One of the criticisms made about electric vehicles is that they’re only as “green” as the source of the electricity used to charge their batteries. A Tesla Model S may not emit any carbon, for instance, but the coal-burning power plant that allows it to recharge certainly does. In order to be truly carbon-neutral, EVs need to be able to run completely on electricity derived from clean sources. Well, that’s just what the P-MOB prototype car does ... as long as you don’t need to take it too far.

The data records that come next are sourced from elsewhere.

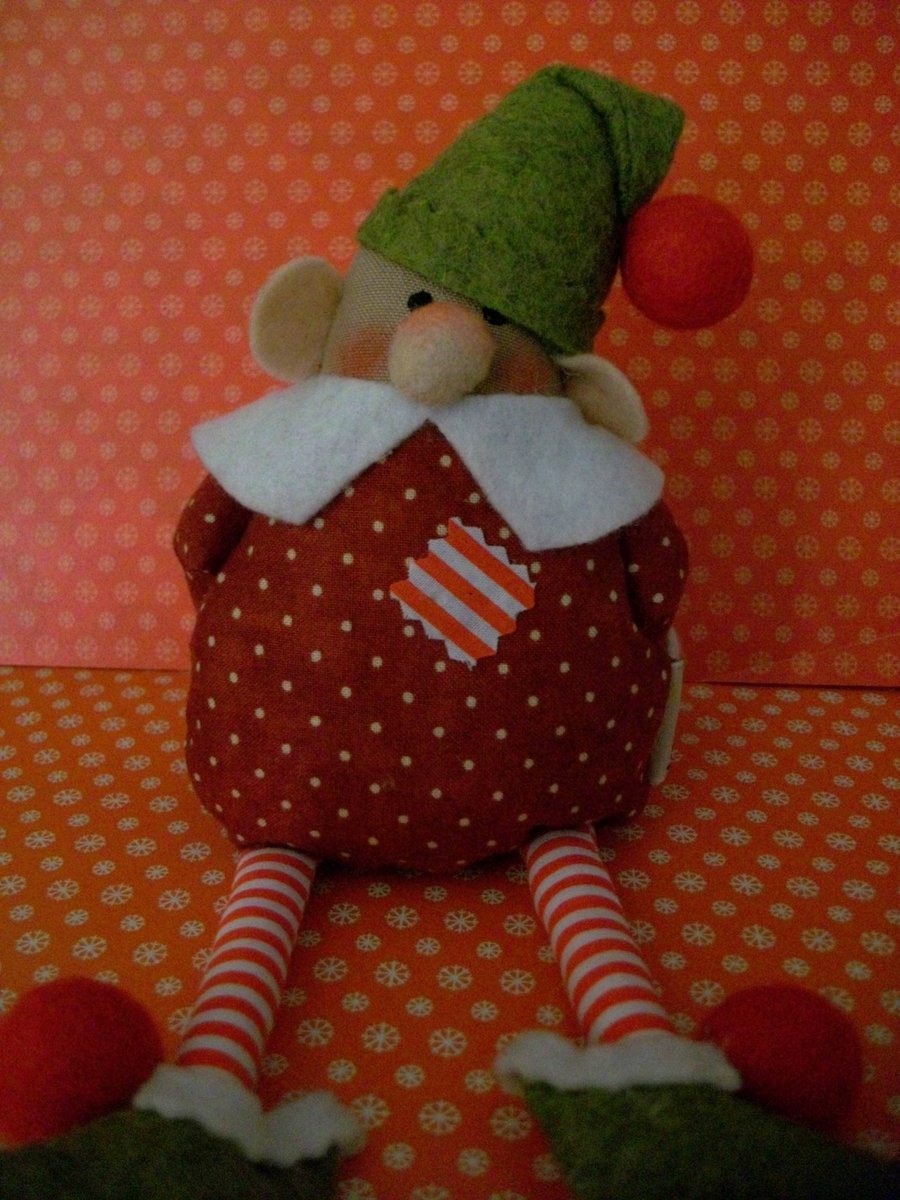 SHELF SITTER SANTAS LITTLE CHRISTMAS HELPER (1)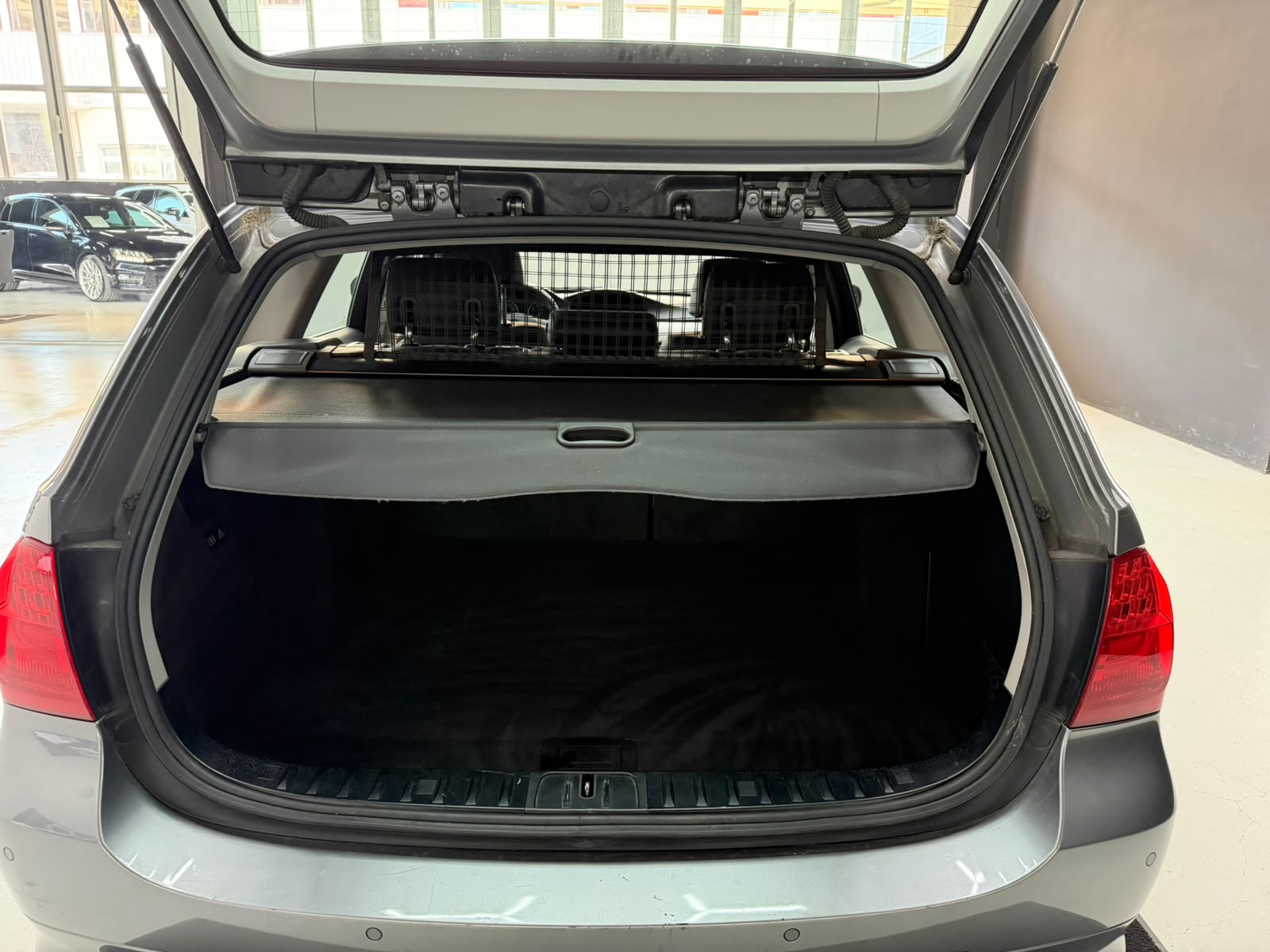 BMW 325i Touring more4you Steptronic-image-9
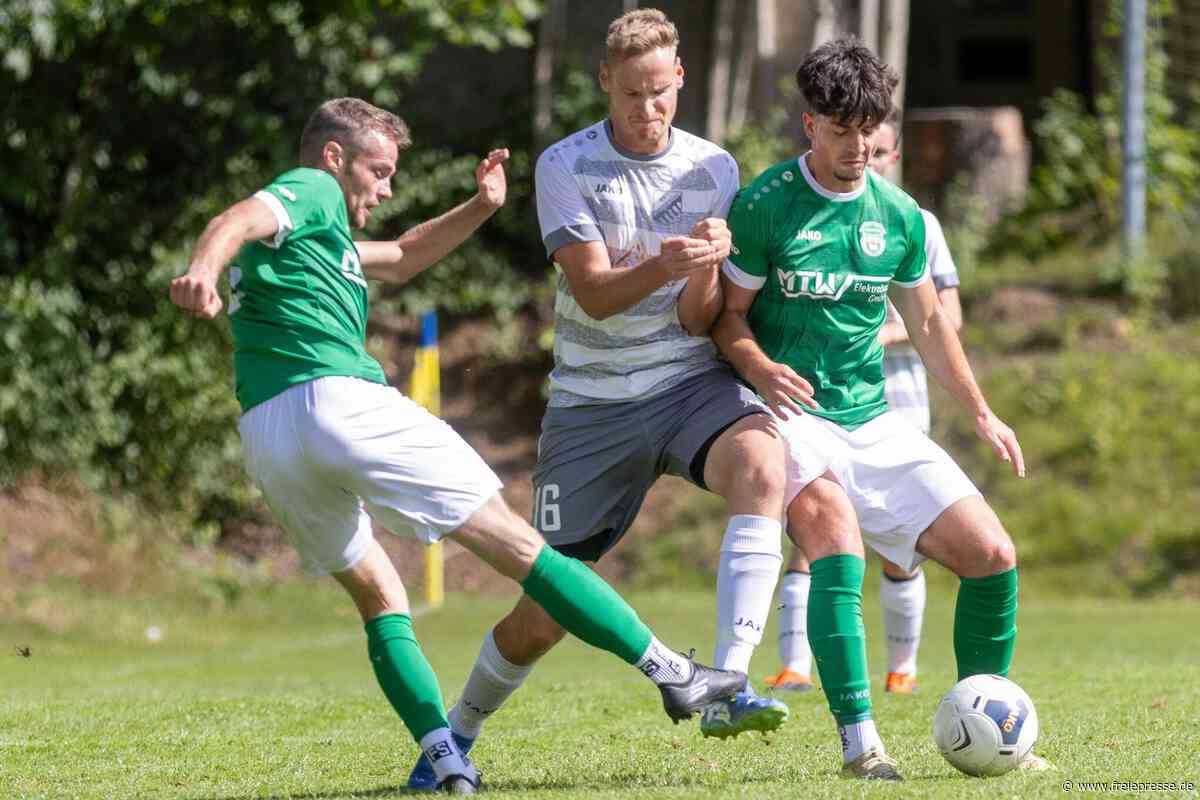 Ohne Gegentor: Lichtenberger Fußballer ballern sich an die Spitze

Of course, any electric vehicle can run on cleanly-generated electricity if enough of it is available. The difference with the P-MOB car is that it’s able to charge its battery up to a “practical” level using its integrated solar cells alone – albeit for a modest range, in sunny southern Europe.

The tiny two-seater weighs less than 600 kg (1,323 lb) without its battery pack, utilizes a kinetic energy recovery system when braking, and is reportedly 30 percent more aerodynamic than other vehicles of the same dimensions. It has two motors and two differentials – one assigned to each axle – essentially giving it 4-wheel drive. This provides it with improved control in curves, better traction control, plus it allows each motor to operate at peak efficiency as dictated by driving conditions. It has a maximum speed of 100 km/h (62 mph).

The car’s mono-crystalline solar cells are managed by a self-adapting control system that compensates for shadows falling on part of the photovoltaic panel, or for the malfunctioning of individual cells. The battery can also be charged using mains power if need be, and can even supply excess solar power to the municipal grid, once it’s fully-charged.

When tested at Fiat’s track in Turin, Italy, the prototype was able to travel 20 km (12 miles), using power generated solely by its solar cells. The speed at which it traveled hasn’t been stated, although it did reportedly consume energy at a rate of about 80 watt-hours per kilometer.

The P-MOB project (standing for Integrated Enabling Technologies for Efficient Electrical Personal Mobility) is funded by the European Commission. It includes researchers from Siemens in Germany; Mazel in Spain; IFEVS, Polimodel and Fiat in Italy; plus Magnomatics and the University of Sheffield in the UK.

There is no word on plans to commercialize the car.